# [Material for the task]
☆ ☆ ☆ ☆ ☆ ☆ ☆

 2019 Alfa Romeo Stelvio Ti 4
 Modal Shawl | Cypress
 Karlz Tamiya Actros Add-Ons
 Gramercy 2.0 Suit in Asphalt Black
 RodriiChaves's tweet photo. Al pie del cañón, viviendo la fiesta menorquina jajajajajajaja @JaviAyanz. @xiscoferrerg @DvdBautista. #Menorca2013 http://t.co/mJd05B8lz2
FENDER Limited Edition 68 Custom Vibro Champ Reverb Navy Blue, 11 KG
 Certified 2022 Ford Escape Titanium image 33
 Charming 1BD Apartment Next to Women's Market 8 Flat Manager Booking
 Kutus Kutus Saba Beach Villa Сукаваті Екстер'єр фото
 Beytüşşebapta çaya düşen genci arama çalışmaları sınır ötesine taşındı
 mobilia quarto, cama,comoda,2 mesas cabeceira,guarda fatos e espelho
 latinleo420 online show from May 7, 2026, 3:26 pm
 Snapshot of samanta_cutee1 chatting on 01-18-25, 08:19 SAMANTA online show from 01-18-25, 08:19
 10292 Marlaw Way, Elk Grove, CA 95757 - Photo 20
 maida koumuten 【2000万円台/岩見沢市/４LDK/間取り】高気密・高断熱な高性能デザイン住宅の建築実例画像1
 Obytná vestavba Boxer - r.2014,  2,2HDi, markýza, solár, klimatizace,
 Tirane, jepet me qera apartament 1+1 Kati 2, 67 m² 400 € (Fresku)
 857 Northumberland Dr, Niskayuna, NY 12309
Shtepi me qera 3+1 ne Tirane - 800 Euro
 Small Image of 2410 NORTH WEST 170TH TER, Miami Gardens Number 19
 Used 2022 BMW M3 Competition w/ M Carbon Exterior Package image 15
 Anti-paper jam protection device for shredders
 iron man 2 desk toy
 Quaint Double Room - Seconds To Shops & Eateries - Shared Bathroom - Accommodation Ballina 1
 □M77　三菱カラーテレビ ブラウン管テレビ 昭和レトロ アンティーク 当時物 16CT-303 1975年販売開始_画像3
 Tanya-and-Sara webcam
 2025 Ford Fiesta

☆ ☆ ☆ ☆ ☆ ☆ ☆

# [Work required]
The response should consist only of the lines running from the one that contains "Snapshot of samanta_cutee1" through the end of the material, repeated exactly.

# [Solution below]
 Snapshot of samanta_cutee1 chatting on 01-18-25, 08:19 SAMANTA online show from 01-18-25, 08:19
 10292 Marlaw Way, Elk Grove, CA 95757 - Photo 20
 maida koumuten 【2000万円台/岩見沢市/４LDK/間取り】高気密・高断熱な高性能デザイン住宅の建築実例画像1
 Obytná vestavba Boxer - r.2014,  2,2HDi, markýza, solár, klimatizace,
 Tirane, jepet me qera apartament 1+1 Kati 2, 67 m² 400 € (Fresku)
 857 Northumberland Dr, Niskayuna, NY 12309
Shtepi me qera 3+1 ne Tirane - 800 Euro
 Small Image of 2410 NORTH WEST 170TH TER, Miami Gardens Number 19
 Used 2022 BMW M3 Competition w/ M Carbon Exterior Package image 15
 Anti-paper jam protection device for shredders
 iron man 2 desk toy
 Quaint Double Room - Seconds To Shops & Eateries - Shared Bathroom - Accommodation Ballina 1
 □M77　三菱カラーテレビ ブラウン管テレビ 昭和レトロ アンティーク 当時物 16CT-303 1975年販売開始_画像3
 Tanya-and-Sara webcam
 2025 Ford Fiesta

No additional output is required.